Examples of short cycle oil projects owned by ASX-listed companies include Oil Search’s Pikka project, Woodside Petroleum’s Sangomar and Karoon’s Bauna. The Cooper Oil assets owned by Santos would also fall within this category and if coupled with the potential for Carbon Capture Utilisation and Storage, these could be extremely valuable in a more carbon constrained future.
Exhibit 6: The Pikka Oil project – GHG intensity vs development cost
Source: Oil Search
Oil Search’s Pikka project is a stand-out in terms of new oil development GHG intensity, with an expectation of low emissions intensity relative to similar projects. This view is supported by Oil Search’s joint-venture partner Repsol, who highlights Pikka as a key enabler of its goal of becoming a Tier 1 low-carbon emissions producer. This positioning should minimize the impact of a potential global carbon price, assuming it can’t be mitigated or passed on in full. While we acknowledge Pikka will face challenges – being located on Alaska’s North Slope may see some potential financiers baulk at joining a lending syndicate – Pikka is located in State lands, shielding it somewhat from recent action taken on potential Alaskan projects located on Federal acreage.
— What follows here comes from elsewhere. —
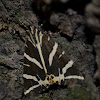 Jersey Tiger or Écaille chinéesis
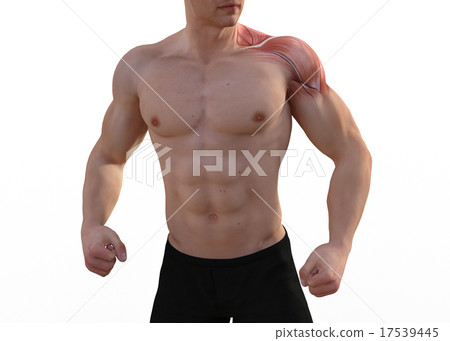 Mastered male perming3DCG插圖素材 Mastered male perming3DCG插圖素材 17539445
Exhibit 7: Repsol’s recent presentation highlighted Pikka’s strong emissions credentials
Natural Gas’s place as a transition fuel
Natural gas has a similar profile within the IPCC’s pathways, though is far more prominent in the P3 middle-of-the-road scenario as a transitional fuel, with demand up 33% and 21% in 2030 and 2050 versus 2010, respectively. While liquefied natural gas (LNG) project economics will largely be set by the prevailing oil due to oil-price linked offtake contracts, we seek low cost developments such as Oil Search’s interest in the Papua LNG project, to ensure risks of becoming stranded are low.
One illustration of the merit of natural gas as a transition fuel, is the comparison of the emissions of a coal-fired power station to that of an LNG project and gas fired generation. An aging WA-based circa 850MW coal fired power station produces around 18PJ of energy annually, emitting 5.8Mt of Scope 1 and 2 emissions. That’s ~300kt of CO2 per PJ of energy per year, excluding the Scope 1 and 2 emissions of the coal mine supplying the fuel. Woodside’s Scarborough LNG project by comparison is estimated to generate ~180kt CO2 per PJ per year across Scope 1-3, some 40% lower than the coal fired power plant.
High efficiency, low emission (HELE) coal fired generation would likely close that gap, but gas fired generation technology is also improving its emissions profile and the role of gas as a transition fuel is clear.
Conclusion – the transition is inevitable, but the pace is less clear. Hydrocarbons still have a role
The transition to a carbon neutral world has already commenced and will accelerate. While the uncertainty around the precise trajectory of fossil fuel demand is impossible to determine, the scenarios presented by the likes of the IPCC and the IEA indicate that a heavy reliance on fossil fuels will remain for some time yet. Moreover, meeting the projected demand for fossil fuels will still require the development of new projects. But in assessing opportunities, investors must be mindful of the risk of stranded assets and that project economics must now also incorporate relative GHG emissions as an important variable.